In addition to creating new wilderness areas, Bennett’s Washington County Growth & Conservation Act proposed selling off federal property around St. George to give the community room to grow. Both Utah environmentalists and Washington County commissioners believe November’s election might, for the foreseeable future, close the door on such wilderness-for-development legislation. Environmentalists are breathing a little easier. St George-area commissioners are nervous.

The mood in Washington, D.C., and Utah has changed, says Scott Groene, executive director of the Southern Utah Wilderness Alliance. SUWA was one of several environmental organizations that negotiated with Bennett over his proposal—sell some federal land around St. George in exchange for creating additional wilderness—but ultimately couldn’t support the plan.

Groene notes the Bennett bill helped spark the creation of Vision Dixie, a grass-roots planning effort spearheaded by St. George residents who oppose building a proposed pipeline from Lake Powell to St. George. “People were surprised by how much of a voice there was for conservation and protecting federal lands,” in the region, Groene says. In the end, Vision Dixie “demonstrated there wasn’t support for [Bennett’s] vision.”

But it wasn’t local opposition that appears to have killed the bill, he says. Rather, members of the U.S. House and Senate have turned against the idea of selling federal lands.

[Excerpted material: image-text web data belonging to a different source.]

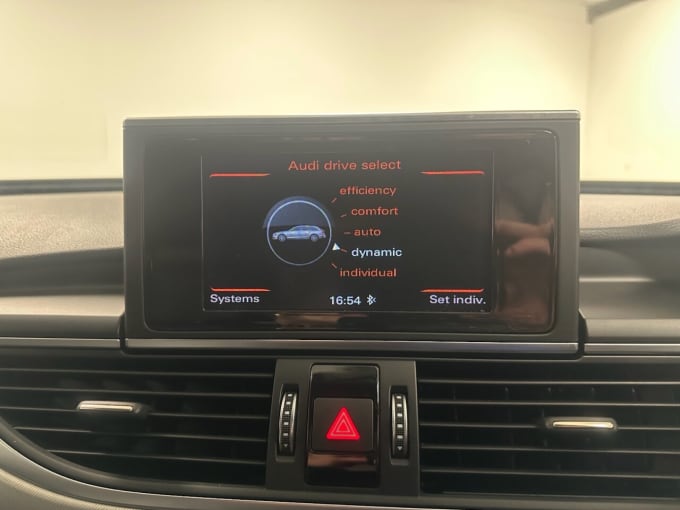 2016 Audi A6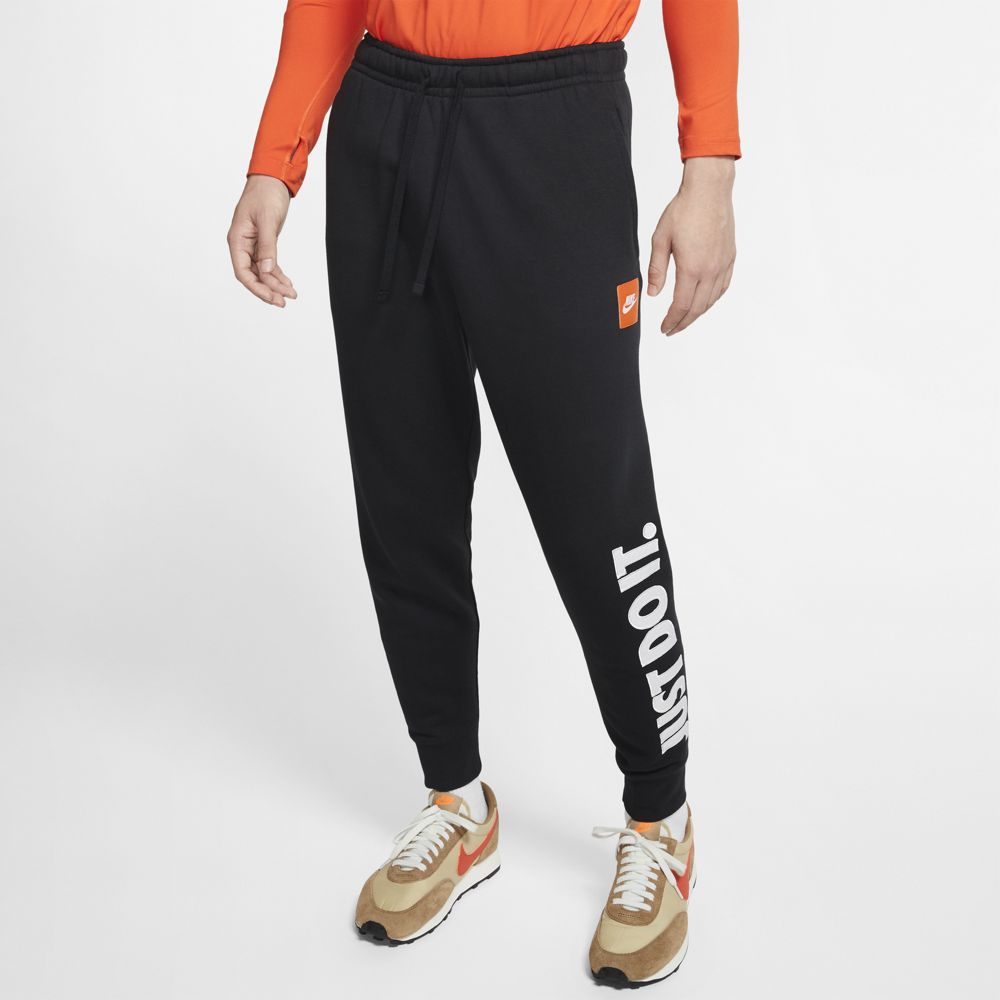 Мужские брюки Nike Sportswear JDI Fleece BV5114-010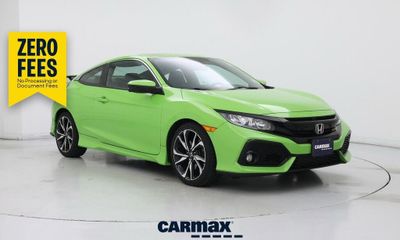 2018 Honda Civic SI HPT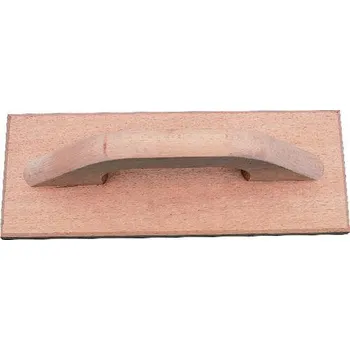 Zdenické nářadí KENNEDY Hladítko zednické dřevěné 290 x 100 mm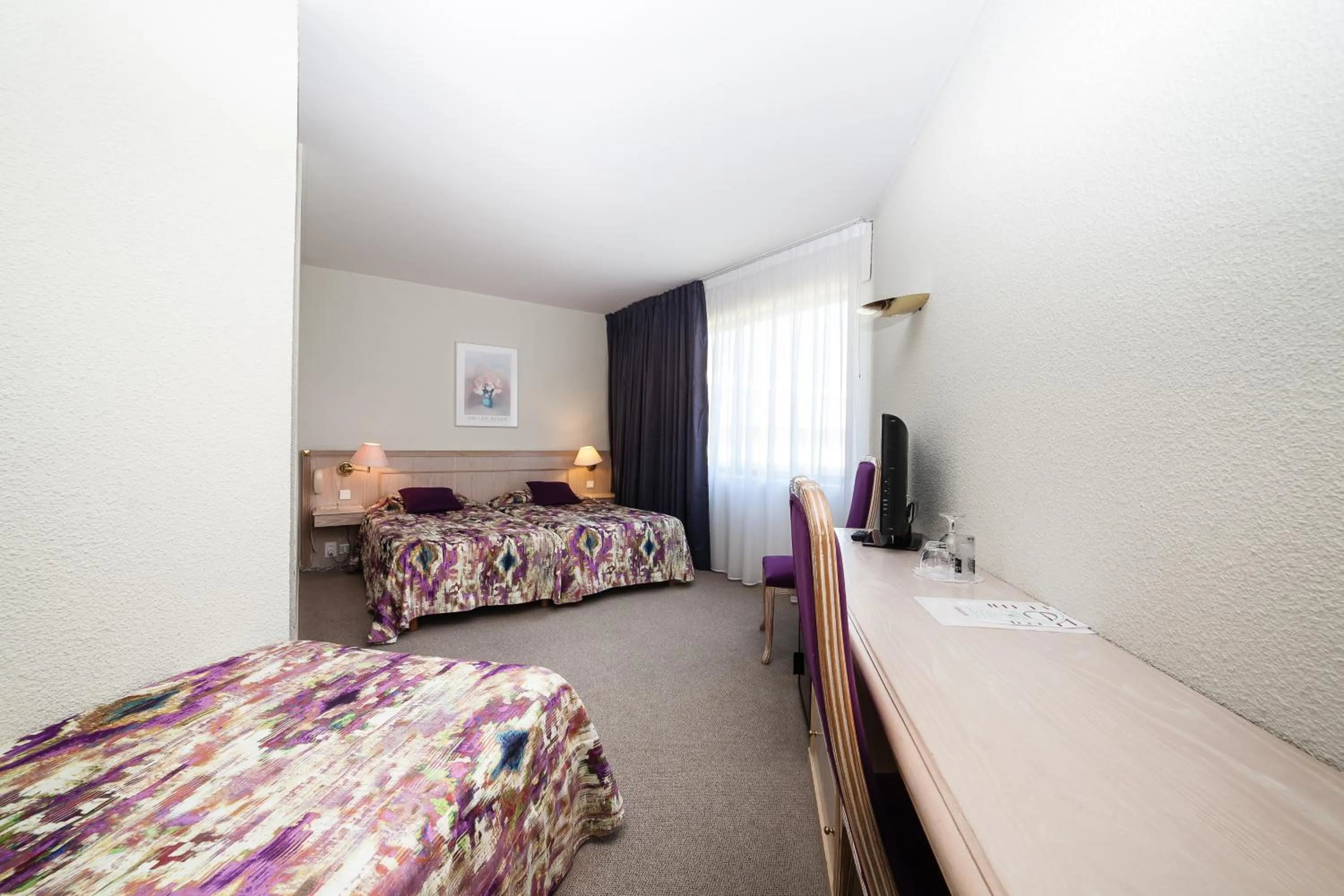 People in Hôtel Restaurant du Château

As Congress came to a close for election season, Bennett was working with Democratic Senate Majority Leader Harry Reid, author of his own land privatization bill for his home state of Nevada. Bennett patterned his measure after Reid’s and planned to attach it to one of the must-pass bills of the session—either a budget bill or the Wall Street bailout package. The effort stalled after objections from Sen. Jeff Bingaman, D-New Mexico, chairman of the Energy & Natural Resources Committee. Bingaman wrote Reid on Sept. 22, “it would be manifestly unfair” to pass the Washington County bill when more than 100 wilderness bills assembled in his committee weren’t going to get a vote.

Bennett’s bill got a hearing at Bingaman’s committee but went no further. It wasn’t included in an omnibus wilderness package that would have protected lands in Virginia, Oregon, Idaho and Colorado without also selling public lands.

As first introduced in 2006, the Washington County lands bill would have authorized the Bureau of Land Management to sell more than 20,000 acres of federal land around St. George for potential development and created a right of way for the Lake Powell Pipeline.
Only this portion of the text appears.